§ **Assignment**: Starting with the line that holds "Elegante Rosa Schleifen Hochzeit Sitzordnung" and stopping after the line that holds "African American Cowgirl", repeat the lines below word for word, without the pictures.

§ **Supplied entries**:
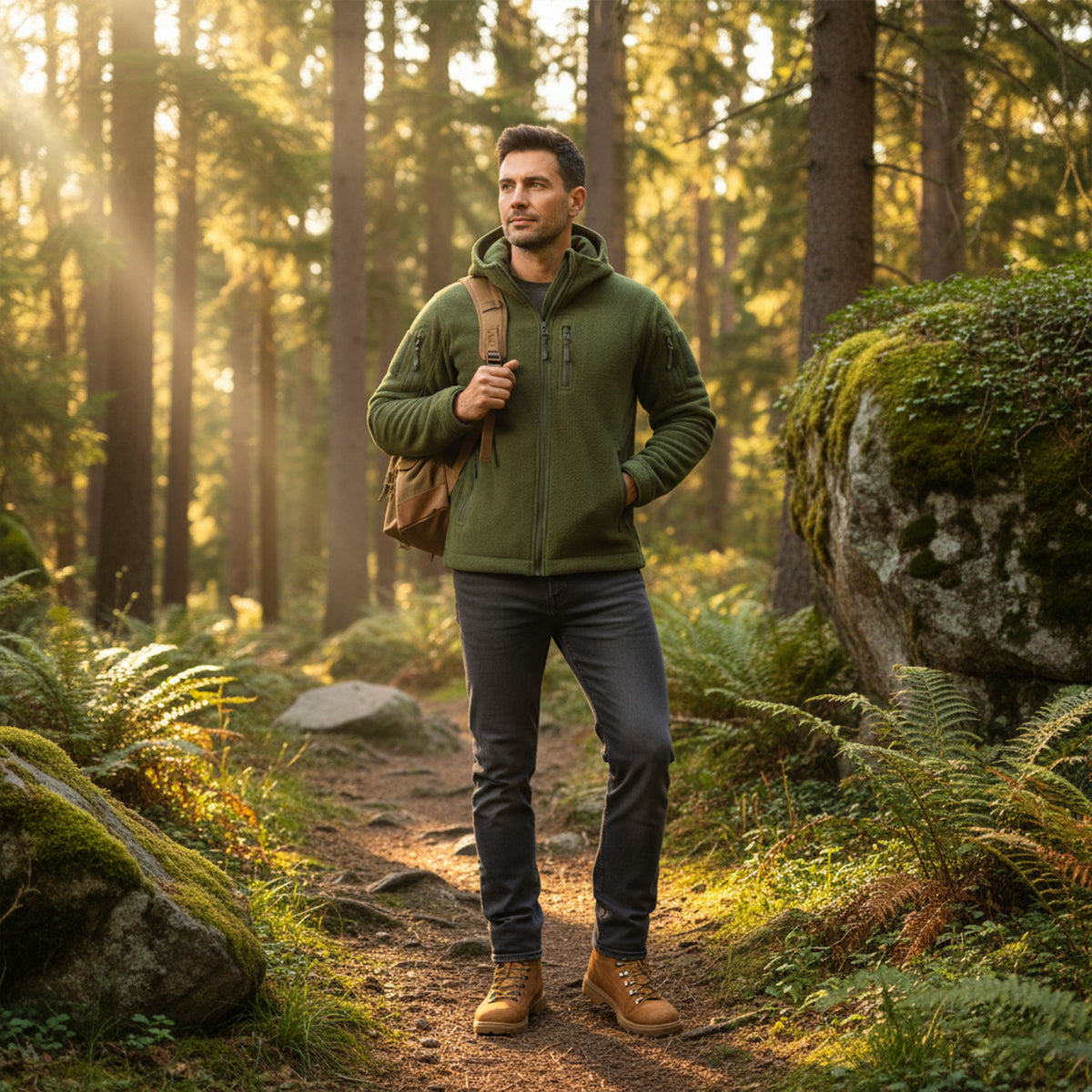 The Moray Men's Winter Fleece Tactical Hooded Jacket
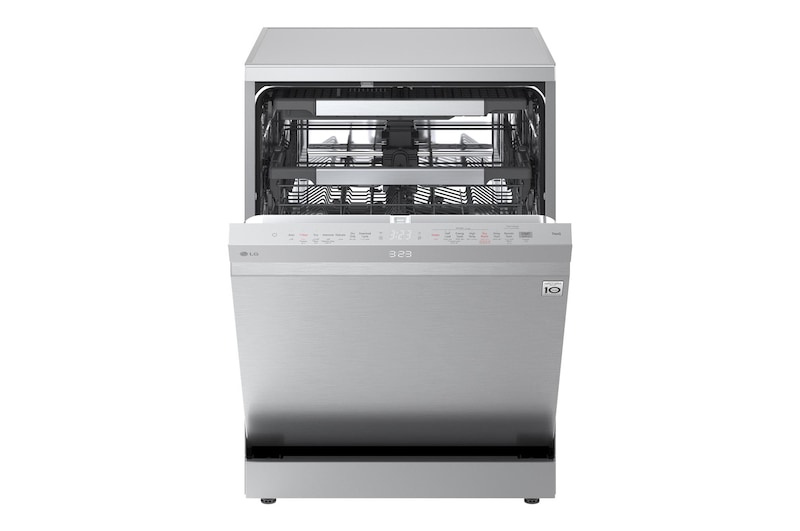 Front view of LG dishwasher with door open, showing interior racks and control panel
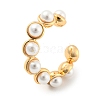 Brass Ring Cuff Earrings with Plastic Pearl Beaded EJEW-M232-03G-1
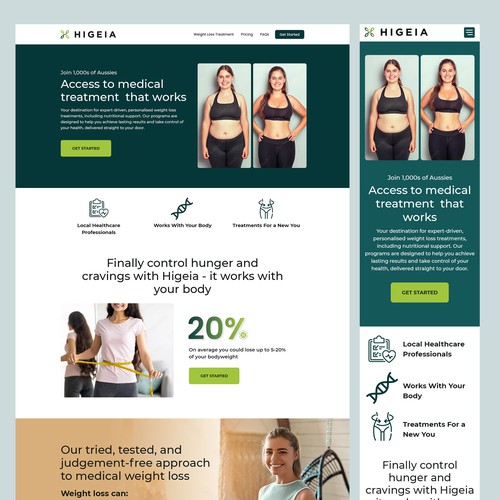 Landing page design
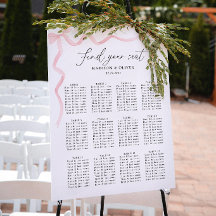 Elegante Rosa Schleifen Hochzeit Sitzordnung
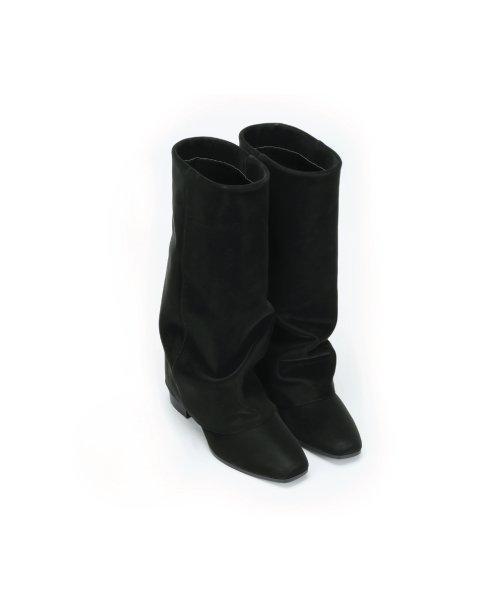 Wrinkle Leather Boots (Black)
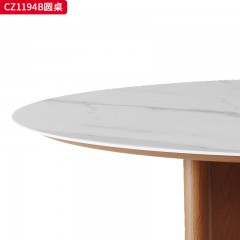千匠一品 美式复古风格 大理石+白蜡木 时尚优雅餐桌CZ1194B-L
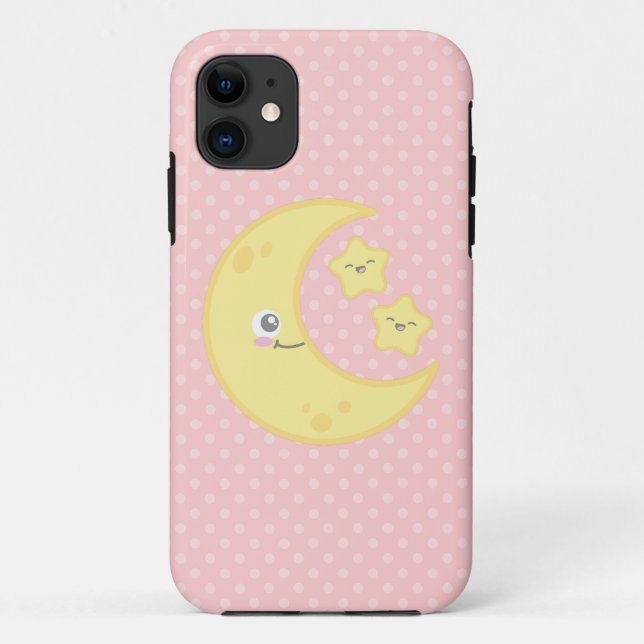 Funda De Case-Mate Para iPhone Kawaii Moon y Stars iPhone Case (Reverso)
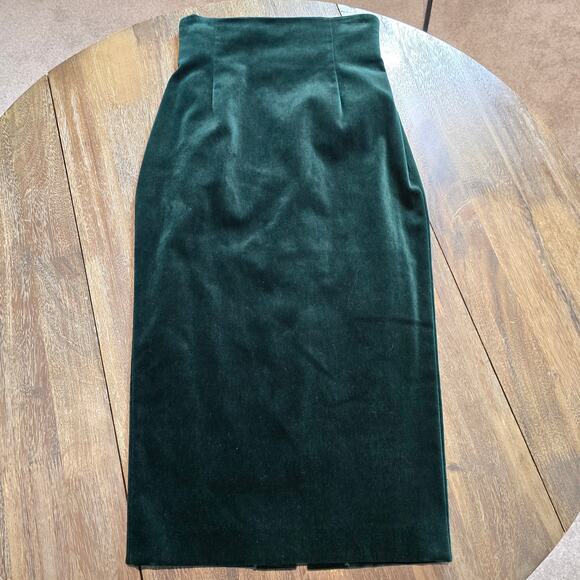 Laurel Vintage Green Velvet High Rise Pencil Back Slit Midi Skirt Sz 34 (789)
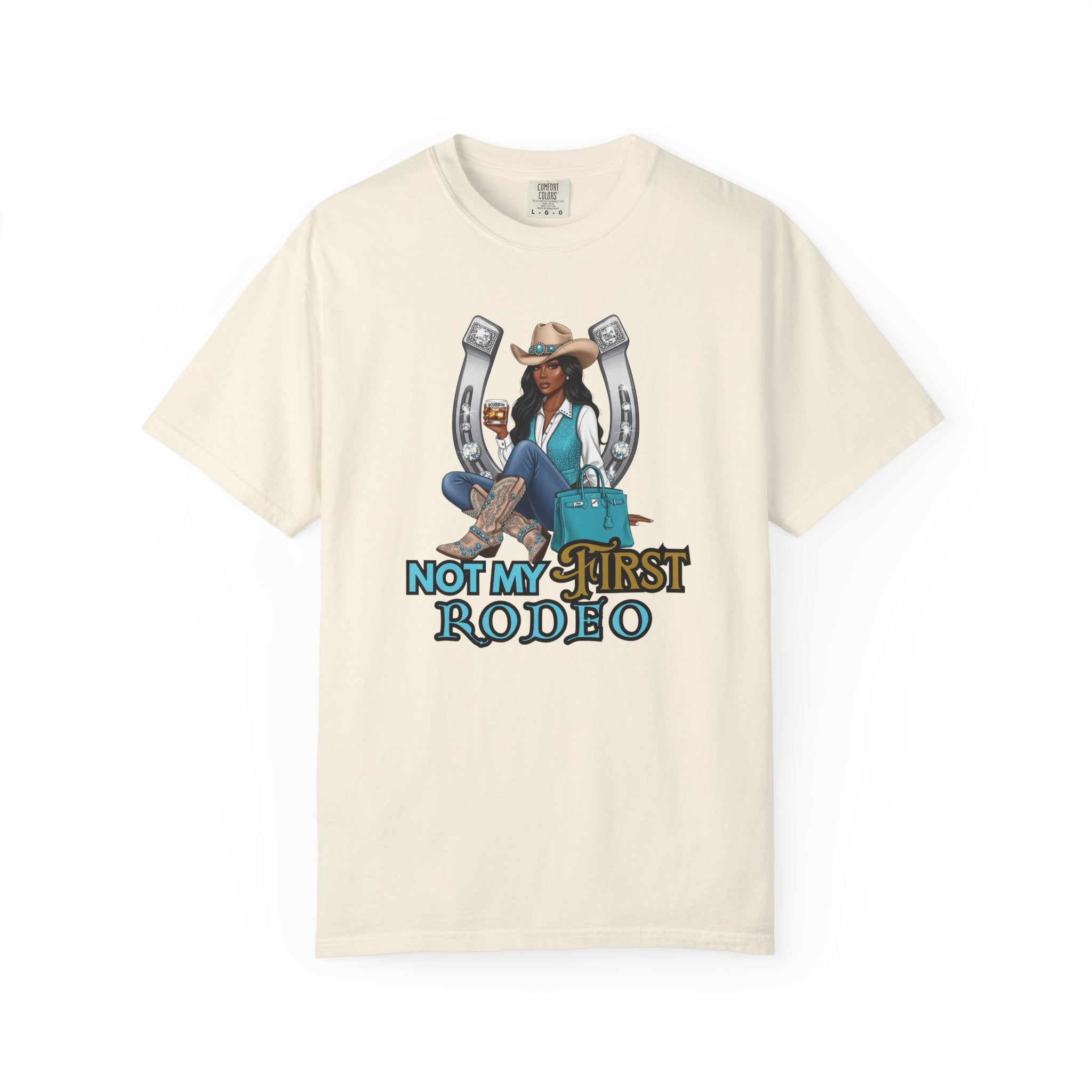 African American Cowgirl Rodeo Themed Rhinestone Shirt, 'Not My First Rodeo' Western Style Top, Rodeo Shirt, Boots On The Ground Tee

...

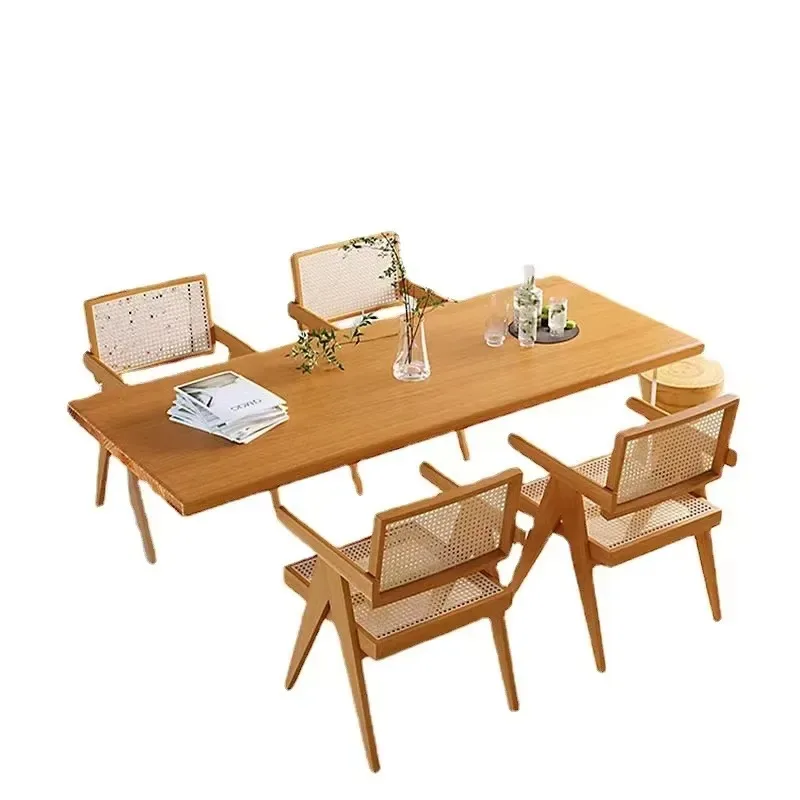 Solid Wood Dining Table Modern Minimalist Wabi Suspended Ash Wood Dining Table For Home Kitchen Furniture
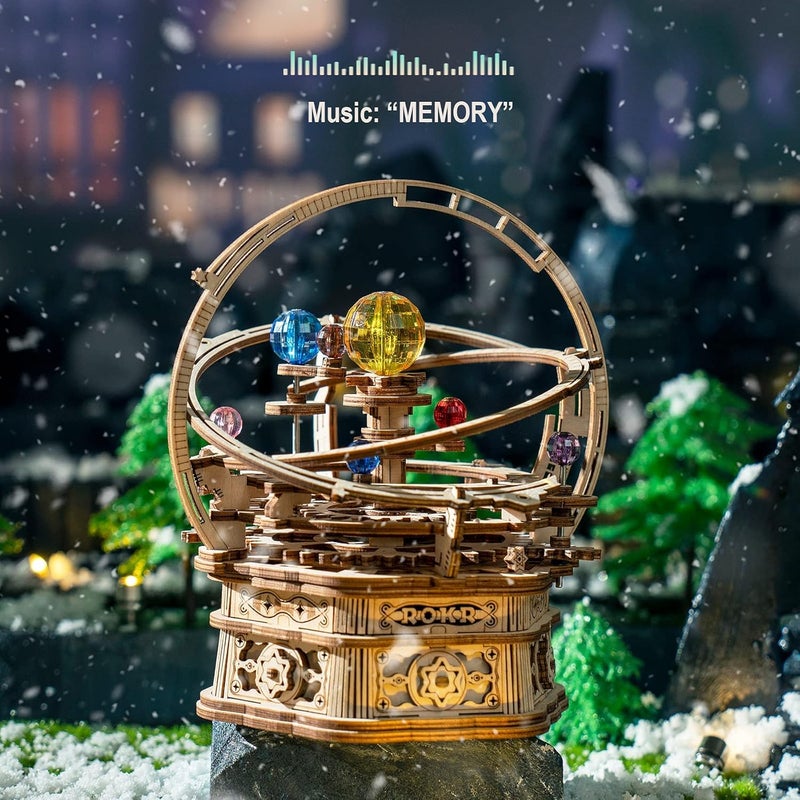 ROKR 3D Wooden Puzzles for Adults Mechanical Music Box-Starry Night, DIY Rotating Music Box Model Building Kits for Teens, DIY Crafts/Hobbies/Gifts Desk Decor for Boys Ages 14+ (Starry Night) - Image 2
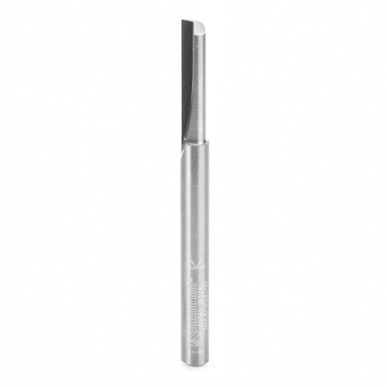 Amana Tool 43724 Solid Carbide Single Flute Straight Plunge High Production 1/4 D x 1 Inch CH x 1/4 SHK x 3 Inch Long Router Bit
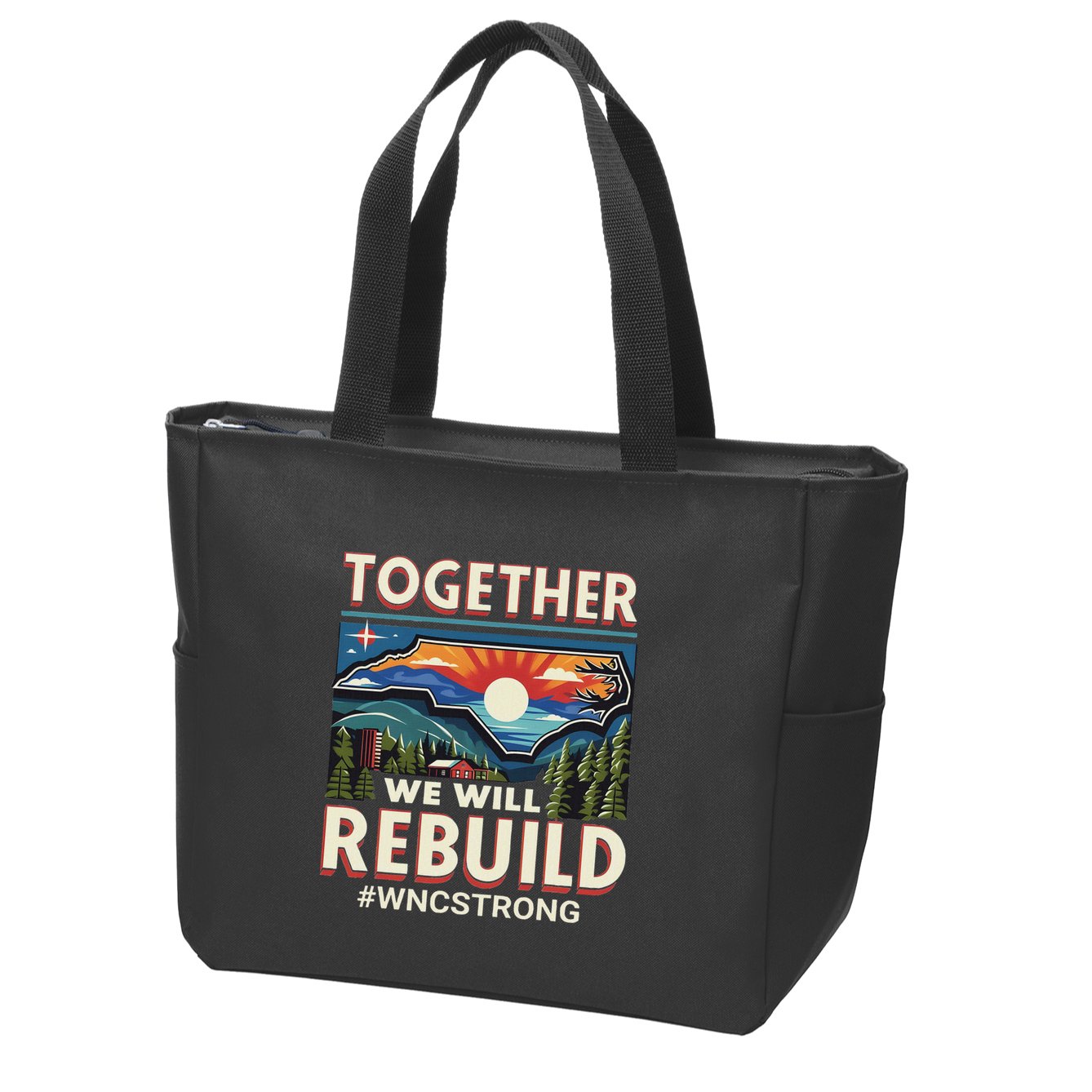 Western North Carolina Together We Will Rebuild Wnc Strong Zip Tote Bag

§ **Result**:
 Elegante Rosa Schleifen Hochzeit Sitzordnung
 Wrinkle Leather Boots (Black)
千匠一品 美式复古风格 大理石+白蜡木 时尚优雅餐桌CZ1194B-L
 Funda De Case-Mate Para iPhone Kawaii Moon y Stars iPhone Case (Reverso)
 Laurel Vintage Green Velvet High Rise Pencil Back Slit Midi Skirt Sz 34 (789)
 African American Cowgirl Rodeo Themed Rhinestone Shirt, 'Not My First Rodeo' Western Style Top, Rodeo Shirt, Boots On The Ground Tee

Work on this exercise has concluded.